D: Il modello di riferimento non per tutti è solo Moccia, la percentuale di giovani che non hanno letto nemmeno Moccia è abbastanza alta, tuttavia, tra i giovani che leggono c’è anche chi legge Montale e altri Autori. Bisognerebbe riportare i giovani alla lettura. Non so indicare soluzioni che non appaiano banali; forse la Scuola può agire, cercando di far amare agli studenti ciò che viene insegnato.

G: Probabilmente tra i giovani in età scolare o tra quelli che non intraprendono studi universitari quanto Lei afferma è vero. E certamente si tratta di un’involuzione, visto lo scarso livello di scrittori come Moccia. Le soluzioni dovrebbero essere cercate in primo luogo a scuola, ma servirebbe anche l’influenza di una società colta, di una società di lettori, che l’Italia non ha e che rischia di avere sempre meno, in questo momento di grave crisi.
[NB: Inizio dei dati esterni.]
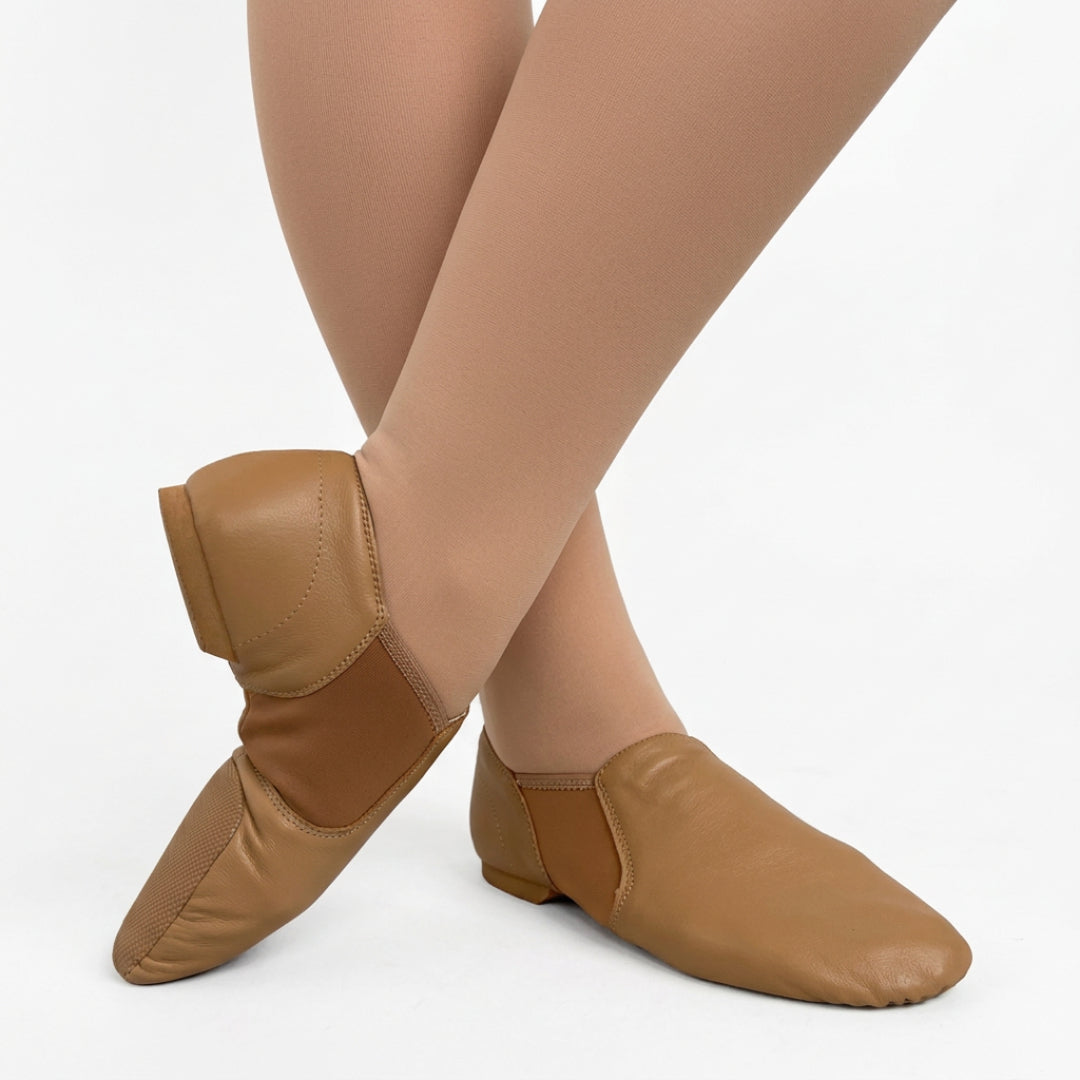 Dancer wearing tan tights and tan jazz shoes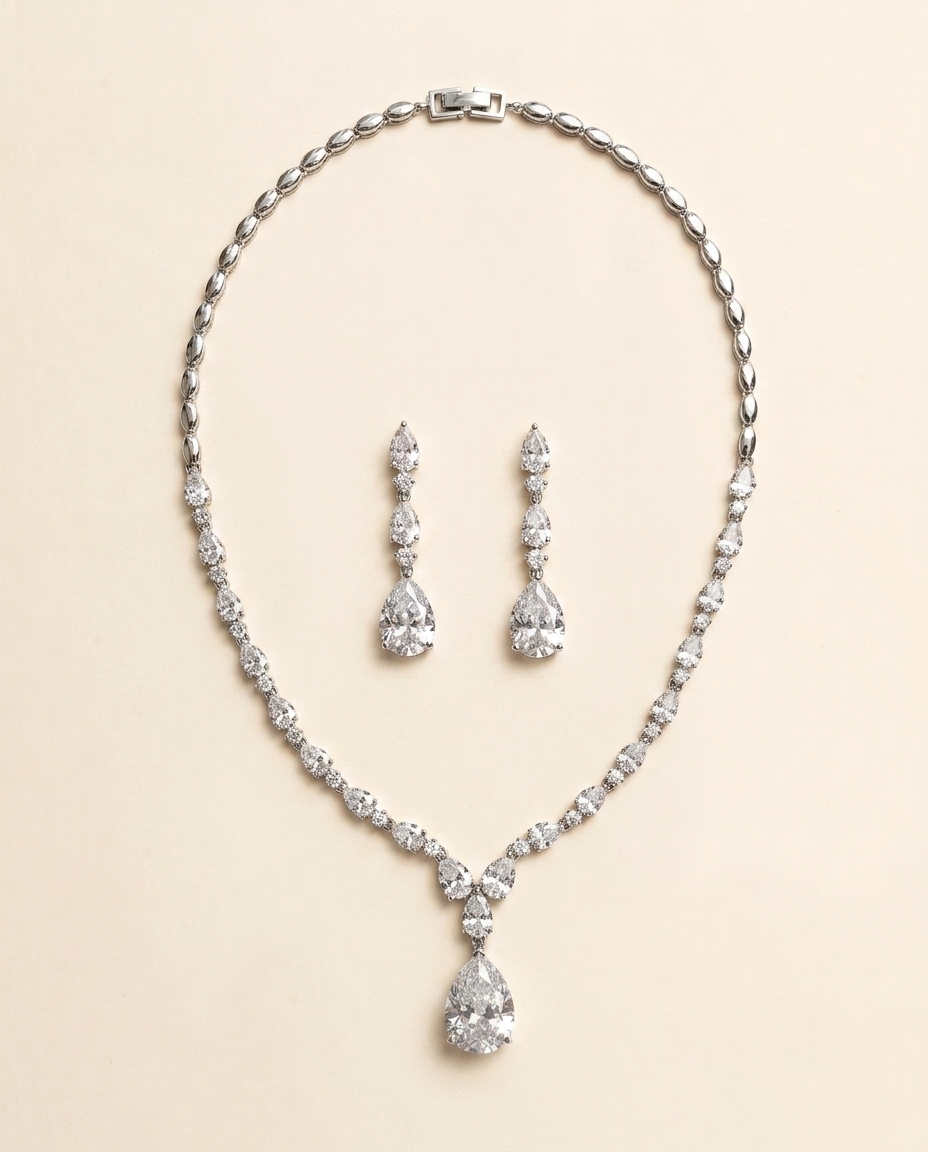 a necklace and earrings set made of sparkling diamonds.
P: Non so se il modello di riferimento dei giovani sia Moccia o Leopardi. Certo, una generazione di adolescenti e di giovani chiusa negli orizzonti svenevoli ed auto-referenziali di un autore come Moccia rappresenta esattamente la realizzazione di uno dei più intensi desideri del Potere: avere a che fare con una generazione il cui senso critico è disinnescato a monte, il cui potenziale ‘impegno’ sociale e politico è inibito in partenza, e la cui attenzione è distratta rispetto ai veri problemi della società, pertanto è facilmente suggestionabile e manovrabile. Esattamente come gli adulti, a loro volta distratti e impauriti dalle stringenti necessità della mancanza di lavoro e della ‘crisi’ (una crisi indotta a tavolino e innescata da politiche monetarie europee, come l’introduzione dell’euro). Insomma, è chiaro che un popolo di ignoranti è più facile da controllare, e che Moccia è parte integrante del rincretinimento generale in atto.

– Ritiene che i criteri per iscriversi al Tfa siano validi e sufficienti?

D: Non conosco bene i criteri in questione, penso, però, che i TFA dovrebbero garantire l’accesso a chi ha già delle conoscenze specifiche.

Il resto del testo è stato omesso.